Stanford University is no stranger to startups. According to one study, Stanford students have gone on to create nearly 40,000 companies since the 1930s. And today, companies created by Stanford students -- like Google, Hewlett-Packard, and Cisco Systems -- generate an astounding $2.7 trillion in annual revenue.
So what's Stanford's secret to building successful startups? Now you can find out for yourself.
The university is offering the course "Startup Engineering" on campus, but a version of the course is now available for free through Coursera, a massive open online course platform. Here's a look at the course format:
The first part of the course will cover modern software engineering principles with a focus on mobile HTML5 development, taught via 5-10 minute video lectures with in-class questions, programming assignments, and quizzes. Guest lecturers from top Silicon Valley startups will bring these concepts to life with real engineering problems from their work.

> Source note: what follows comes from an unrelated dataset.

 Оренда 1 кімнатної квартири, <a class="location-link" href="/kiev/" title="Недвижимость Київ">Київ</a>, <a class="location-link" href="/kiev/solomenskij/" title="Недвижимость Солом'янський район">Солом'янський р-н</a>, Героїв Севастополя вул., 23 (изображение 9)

In the second part, you will apply these concepts to develop a simple command line application, expose it as a webservice, and then integrate other students' command line apps and webservices together with yours to create an open-source mobile HTML5 app as a final project. Lectures will continue in the second part, but will be focused on the design, marketing, and logistical aspects of creating and scaling a startup. No other homework will be given in the second part to permit full focus on the final project.
The course will be taught by Vijay Pande and Balaji Srinivasan. Pande founded Folding@home and Srinivasan founded Counsyl. But for Pande the impetus to teach a MOOC is much more personal. His mother is from Trinidad and his father is from India, and he want to give access to his startup knowledge to people around the world who might not otherwise have the opportunity.
"They're studying hard so they can pass exams and leave the village, just like my dad did," he said in a press release. "Our dream is that we can help them not only pass their exam but help them create a company that will give them revenues and profits. These are skills that can help the world in ways that a textbook on its own cannot."